# He Man Woman Haters Club?



## buckeye_girl (Nov 1, 2008)

I found out today that a local club that we were interested in joining does not allow women to become members. However they have no problem accepting our money to shoot on weekends. I guess more than anything I'm a little put off by this. I expect a bit more out of the archery world perhaps? Have you guys run into this in your neck of the woods? Thoughts??


----------



## NMhunter (Jun 25, 2003)

Put them on blast right here. That way everyone in your part of Ohio knows that, this is their policy. I would never give another cent to a place that my wife couldn't be a member with me. :angry:


----------



## Coopers204 (Dec 11, 2011)

Hmmm show up in a skirt tank top and bow and say we found a place next door and that's a shame! Hope things work out for you


----------



## Stubby'smom (Mar 20, 2010)

WOW! I guess they are afraid of getting beat by a woman.


----------



## Hoytchick4ever (Apr 14, 2011)

Stubby'smom said:


> WOW! I guess they are afraid of getting beat by a woman.


Agreed, very good point!


----------



## tsaxybabe (Feb 24, 2010)

Unacceptable!!


----------



## Graybeard62 (Jun 14, 2007)

Agree with NMhunter I would never join if my wife couldn`t. Unfortunately there are some guys whose ego`s get bruised if they get beat by a woman.
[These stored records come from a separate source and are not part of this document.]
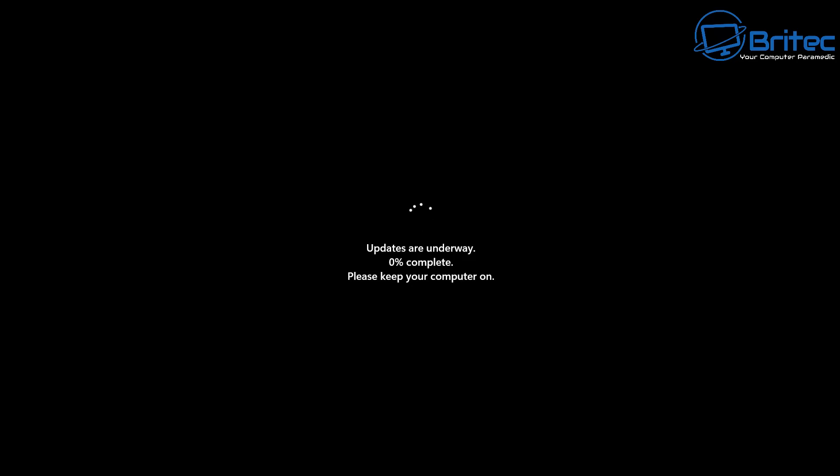It's going to go ahead and do all this for you in the back end and you won't have to do anything. You can see here updates are underway, zero percent complete. It will take a bit of time to get all this done. I'll speed this process up.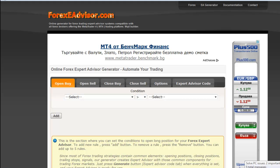In this video, we are going to show you how to make your own Expert Advisor using forexeadvisor.com.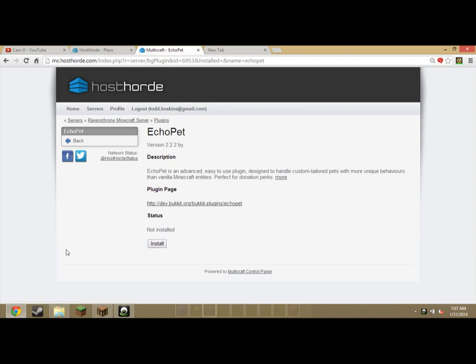So I would install a lot of plugins and then restart your server and you're on your server. It's that simple. It's pretty cool and I think it's awesome.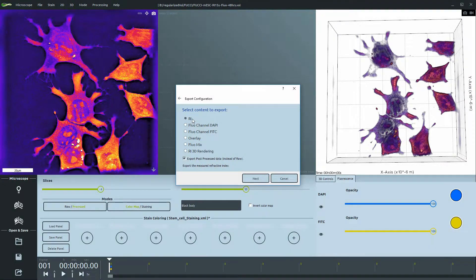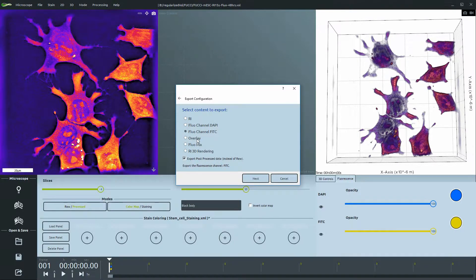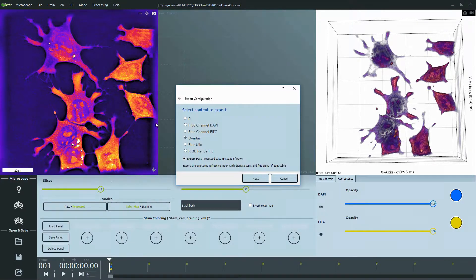You are then prompted to choose which content you would like to export: the refractive index values, the individual fluorescence channels, an overlay of the refractive index with a digital staining, a color map, a fluorescent signal — basically anything that is visualized in the 2D view on the left.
And now days there are so many good women hunters and target shooters,
it`s pretty easy to get beat. My wife hunting and shooting with me are some of my greatest memories, and I used
to kid if we were eating wild game she probably shot it. Hope someone gets enlightened. Graybeard62


----------



## McStamper (Feb 25, 2009)

Hard to believe! I went to a local club for a 3D shoot and saw this sign above the warm up bales, I could tell they are not used to women shooting there, I got "The look". It took at least 15 minutes to find a group of guys that would let me join their group. Happy to say I beat them all!


----------



## buckeye_girl (Nov 1, 2008)

Wow I sure am glad that I'm not the only one who is bothered by this. It bothers me even more that they have no problem taking my money on a Saturday to shoot but I am not good enough to join? There are alot of perks to joining the big one being that I could hunt the property. So maybe they are afraid I will see their 'boy parts' (lol) as they pee out of their stands? I still haven't decided how I'm going to handle approaching the people I know who are a part of this club about how I feel as I don't want to 'attack' them I want to be professional about how I handle it. 
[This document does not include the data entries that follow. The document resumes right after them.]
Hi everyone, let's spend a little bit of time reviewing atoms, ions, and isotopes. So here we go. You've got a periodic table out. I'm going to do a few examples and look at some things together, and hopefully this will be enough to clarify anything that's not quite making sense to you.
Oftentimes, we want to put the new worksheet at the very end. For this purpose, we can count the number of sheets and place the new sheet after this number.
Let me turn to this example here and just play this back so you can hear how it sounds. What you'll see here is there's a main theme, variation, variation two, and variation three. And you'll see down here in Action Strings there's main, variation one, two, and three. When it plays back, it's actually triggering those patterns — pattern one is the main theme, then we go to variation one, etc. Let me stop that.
I see that some of you have dealt with clubs that aren't used to women too. It's common but usually I am met with guys talking about how they wish their girls would shoot or how more women need to join etc.


----------



## jayhawkclint (Mar 21, 2012)

Is this even legal nowadays? I would think a club rule like that would just be begging for a discrimination lawsuit.


----------



## nitroteam (Jun 27, 2010)

Unfortunaty there is one close by here as well that women can not be members but can come shoot with a male member. I found this out after paying my yearly dues never to step foot back on the property, I just chalked that one up to a donation to the beer cooler. 
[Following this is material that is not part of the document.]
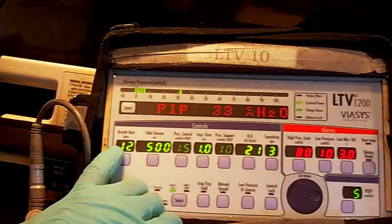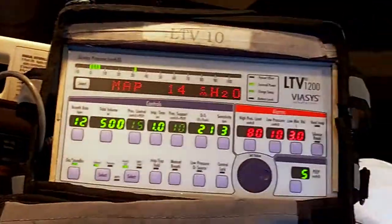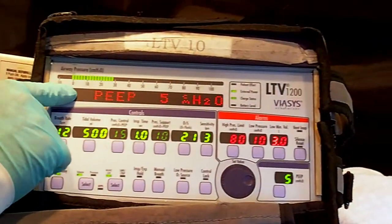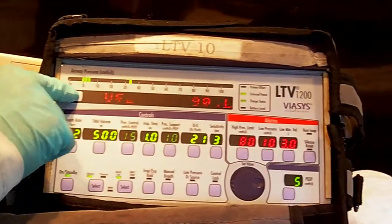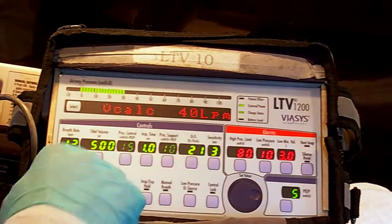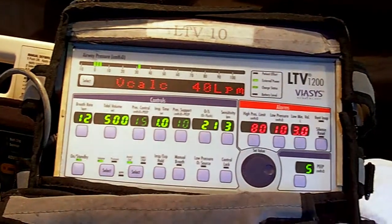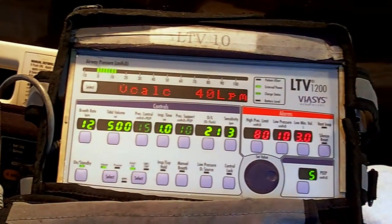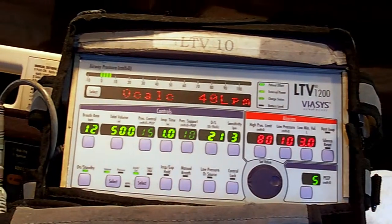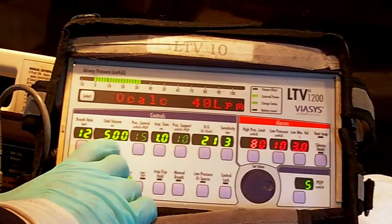The trigger will be elapsed time. The target will be flow — you can see here flow is 40 liters per minute at this setting. So 40 liters per minute will determine our target. And the cycle, what tells the ventilator to stop the flow and go into exhalation, would be the tidal volume — 500 ml.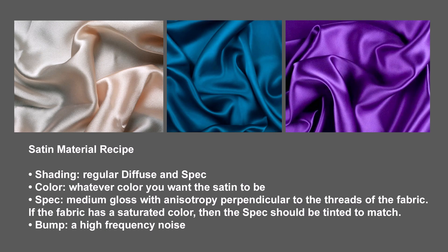The specularity is a medium gloss with anisotropic reflections perpendicular to the threads of the fabric. Also, if the fabric has a very saturated color, then the spec should be tinted to match. And then finally, a bump, a very high frequency noise, which you could also replace with something like a triplanar if you want to get more detailed. But for the most part, some sort of procedural bump will probably be good enough.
Sent from my ADR6400L using Tapatalk 2


----------



## jack mac (Feb 8, 2011)

jayhawkclint said:


> Is this even legal nowadays? I would think a club rule like that would just be begging for a discrimination lawsuit.


It is legal for a private club to exclude, it is also down right stupid. I guess they want to sit around together in their underwear and scratch themselves. I love shooting with my wife and daughter and wouldn't trade those times for anything.


----------



## ohio moose (Feb 1, 2004)

:thumbs_up


nitroteam said:


> Unfortunaty there is one close by here as well that women can not be members but can come shoot with a male member. I found this out after paying my yearly dues never to step foot back on the property, I just chalked that one up to a donation to the beer cooler.
> 
> Sent from my ADR6400L using Tapatalk 2


----------



## buckeye_girl (Nov 1, 2008)

jayhawkclint said:


> Is this even legal nowadays? I would think a club rule like that would just be begging for a discrimination lawsuit.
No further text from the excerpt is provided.